■ WHAT IS BEING ASKED
Every record, apart from its pictures, should be repeated exactly.

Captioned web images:
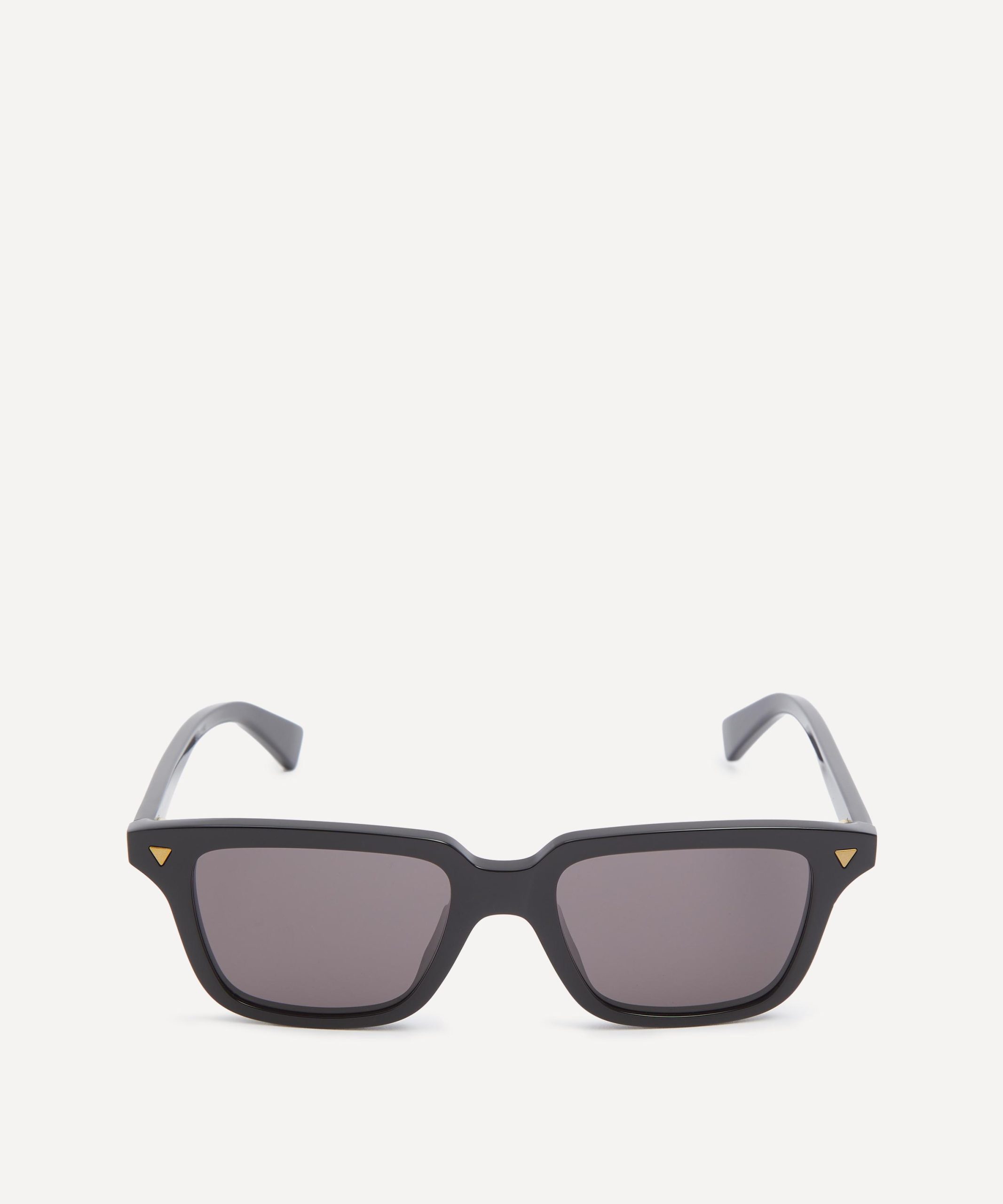 Bottega Veneta Square Triangle Pin Sunglasses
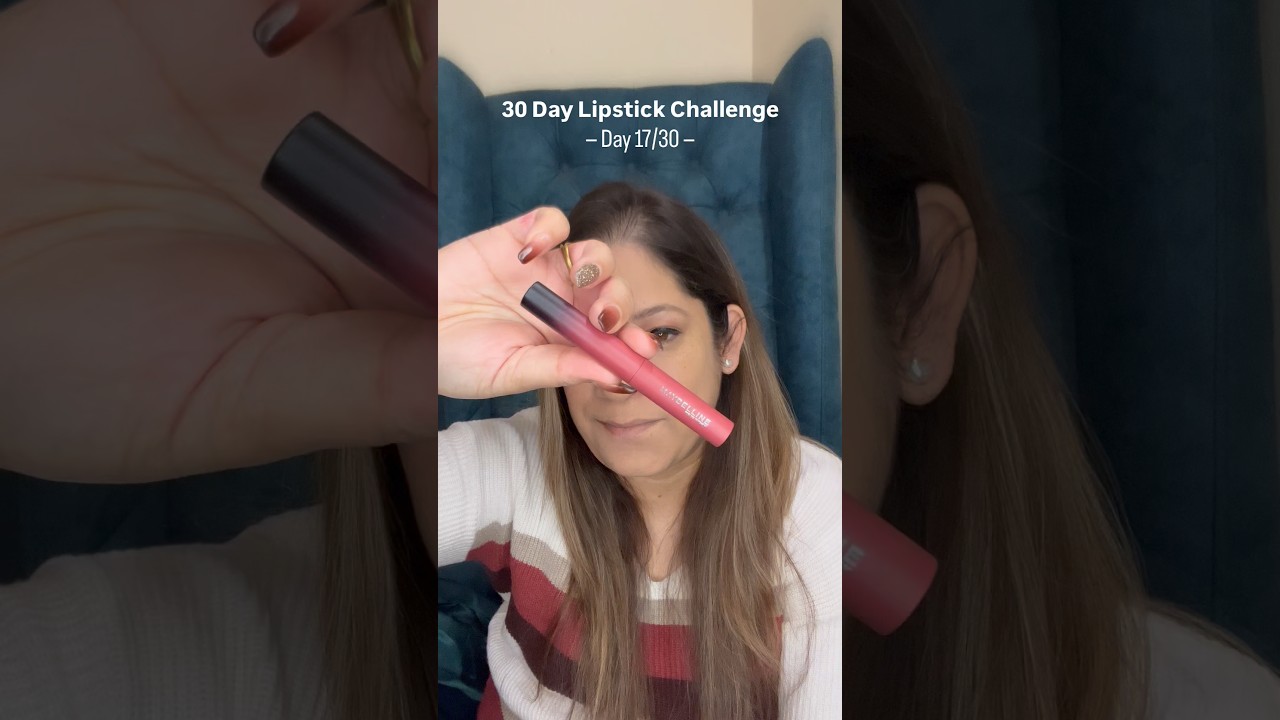 День 17: Свотчи помады Maybelline New York Color Sensational Ultimatte | 30-дневный челлендж по у...
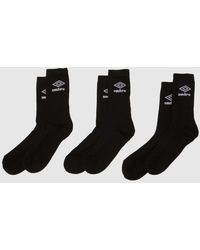Umbro - Sports Crew Socks 3 Pack - Lyst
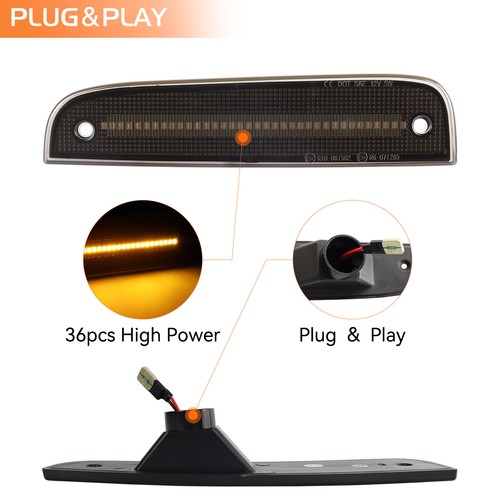Luces de señalización LED delanteras ahumadas para Jeep Cherokee 1997-2001 - Imagen 5 de 15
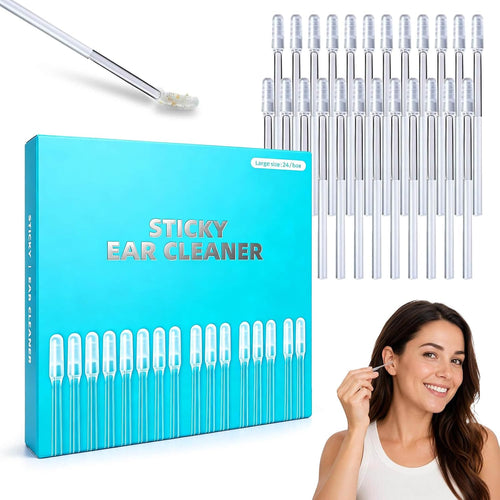 Sticky Resin Earwax Cleaner Tool - Safe Gentle Ear Cleaning Swab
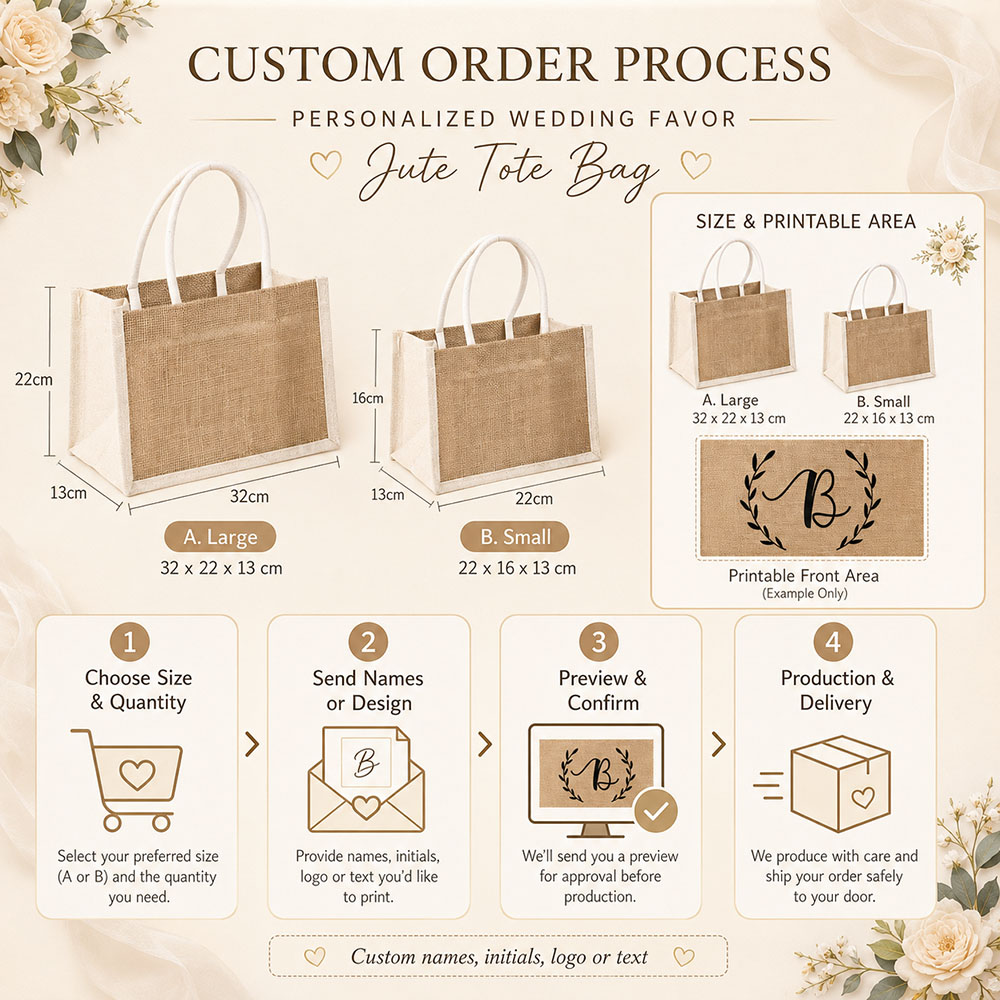 Custom Wedding Gift Bag Person - Linen Bag Bulk review and price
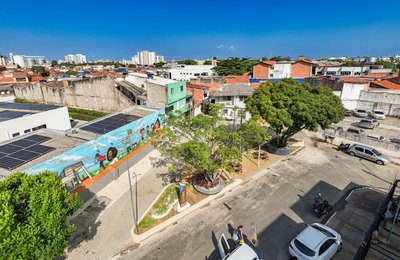 Praça Recife é revitalizada e se torna novo espaço de convivência no bairro do Poço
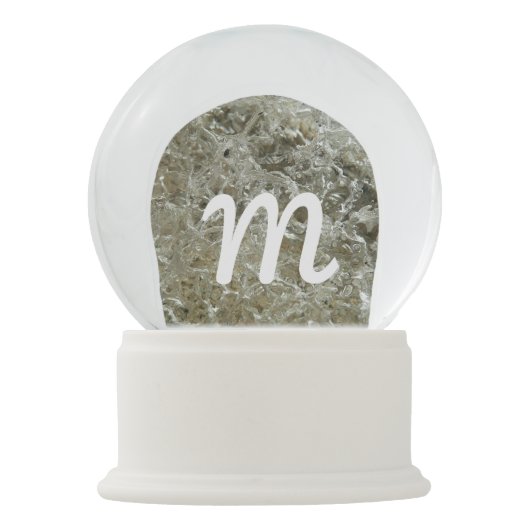 氷氷抽象芸術自然テクスチャ スノーグローブ (正面)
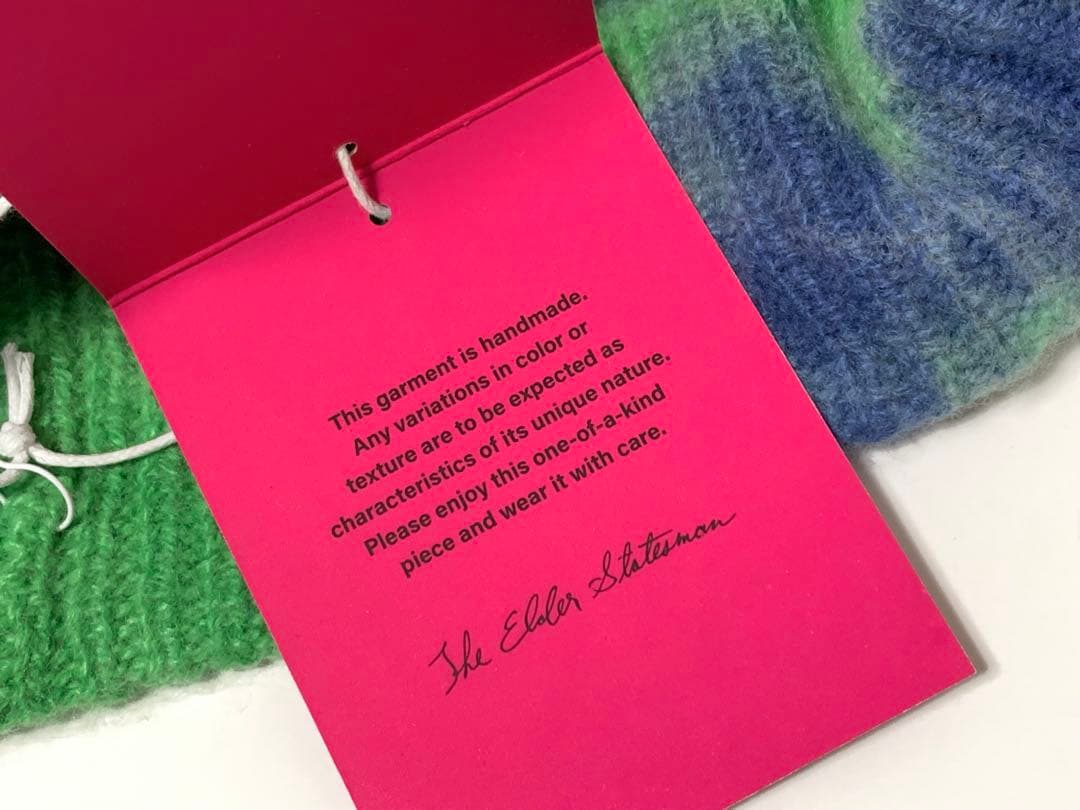 新品《 The Elder Statesman 》Watchman Beanie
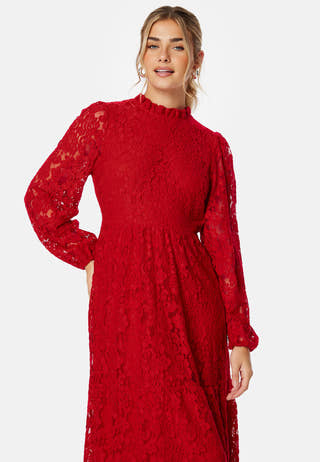 Blanca Midi Lace Dress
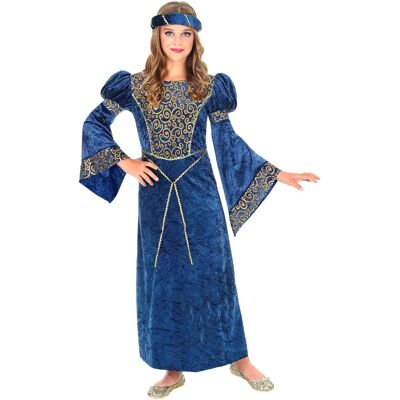 Vestito Rinascimentale Blu per Ragazze 140cm - Costume Vestito Rinascimentale Blu per Ragazze 140cm - Costume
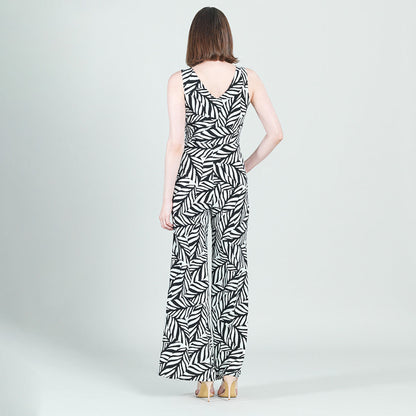 Clara Sunwoo Top Pick - Signature Jumpsuit - Leaf Stripe - Final Sale!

■ TASK ANSWER
 Bottega Veneta Square Triangle Pin Sunglasses
 День 17: Свотчи помады Maybelline New York Color Sensational Ultimatte | 30-дневный челлендж по у...
Umbro - Sports Crew Socks 3 Pack - Lyst
Luces de señalización LED delanteras ahumadas para Jeep Cherokee 1997-2001 - Imagen 5 de 15
 Sticky Resin Earwax Cleaner Tool - Safe Gentle Ear Cleaning Swab
 Custom Wedding Gift Bag Person - Linen Bag Bulk review and price
 Praça Recife é revitalizada e se torna novo espaço de convivência no bairro do Poço
 氷氷抽象芸術自然テクスチャ スノーグローブ (正面)
 新品《 The Elder Statesman 》Watchman Beanie
 Blanca Midi Lace Dress
 Vestito Rinascimentale Blu per Ragazze 140cm - Costume Vestito Rinascimentale Blu per Ragazze 140cm - Costume
 Clara Sunwoo Top Pick - Signature Jumpsuit - Leaf Stripe - Final Sale!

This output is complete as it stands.